Autism presents itself on different levels – from severe to high-performing. So, when we say someone is “on the spectrum,” we mean they have some level of autism.
AJ Gadgets is on the high-performing end of the spectrum. Some of his behavior is common to the autistic experience. For example, he does not like loud noises or wearing wet clothes. And he likes some things to stay the same. He likes to have his favorite things around him and hates it when they are lost.
People familiar with autism might recognize these signs of autism in the show. However, the creators are perfectly fine if others do not. The children’s show purposely does not directly talk about the issue of autism -- except for two shows running later in the series.
AJ’s autism just happens to be part of him. It is not the main part. As a valuable team member, he always comes to the rescue.
The creators of Hero Elementary -- Christine Ferraro and Carol-Lynn Parente -- talked with The Associated Press about the show.
Ferraro said there is “so much strength” in showing a child on the spectrum as just one of the team. Ferraro said AJ is just part of the group. “And that’s something that we don’t see a lot on television,” she added. “And that’s why we thought it was really important.”
The U.S. Centers for Disease Control and Prevention reports that in 2016, one in 54 children were diagnosed with Autism Spectrum Disorder by age 8. In 2014, the estimate was 1 in every 59 children.
Linda Simensky works for PBS Kids.
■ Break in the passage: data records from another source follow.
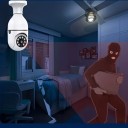 Juego de cámaras de seguridad WiFi con bombilla 360° casquillo E27 5GHz cámara blanca para iluminación para monitoreo de interiores o espacios 3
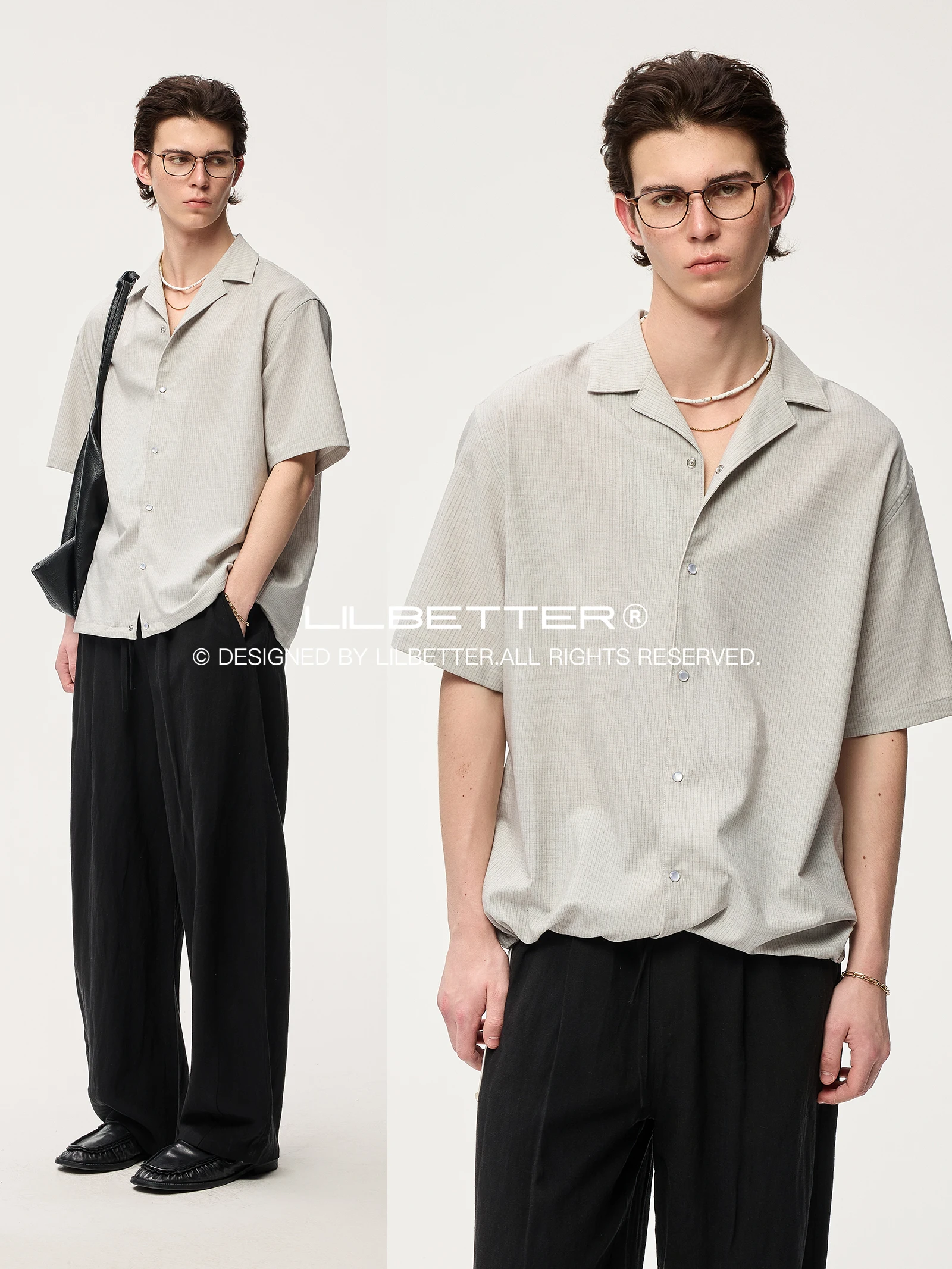 Lilbetter Linen Texture Stripe Cuban Collar Short Sleeve Shirt Drawstring Bead Summer Casual Fashion Urban Men's Shirt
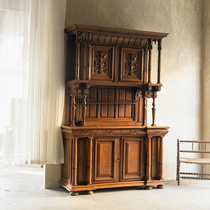 coznap antique) French Renaissance style Walnut sideboard display cabinet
She said she likes the idea of AJ’s inclusion. This means that a child on the autism spectrum is included in the team and treated just like the other children.
Creators Ferraro and Parente have worked for many years with the children’s TV series “Sesame Street.” In 2015, that show introduced Julia, a 4-year-old girl with autism.
However, when creating “Hero Elementary,” Ferraro and Parente did not plan on having a child with autism as one of the superheroes. They said it just happened naturally.
The PBS Kids series also has a teacher, Mr. Sparks. He helps the children use their own problem-solving skills such as observing, investigating, testing and predicting. He also teaches an important life lesson: If at first you don’t succeed, try – try again. And often the school-age superheroes do not succeed!
“You don’t come into this world knowing how to do everything," said Ferraro. And so, these kids struggle to learn in school -- just like our kids struggle to learn how to do things."
Simensky says she also likes this part of the show – children learning to solve their own problems. She said she sees too many shows where an adult solves the problems.
On the TV series, team members learn to help themselves and each other. AJ’s teammates are aware of his needs. In one show, the team searches for his lost backpack. The show’s creators said they hope this shows children the importance of understanding others and normalize the idea that all kids are different.
Parente said the show demonstrates understanding the different needs of a friend – whether it is autism or something else.
Kids with autism may be a little different and have different needs, said Simensky. However, she added, “There is a place for kids with autism.” And there is a place for their own valuable skills as well.
I’m Anna Matteo.
Mark Kennedy reported this story for The Associated Press. Anna Matteo adapted it for VOA Learning English. George Grow was the editor.
Words in This Story
cartoon – n. a movie or television program made by photographing a series of drawings
in a snap – phrase. done, made, or carried through suddenly or without thinking
bubble – n. a tiny, round ball of air or gas inside a liquid
spectrum – n. a complete range of different opinions, people, etc.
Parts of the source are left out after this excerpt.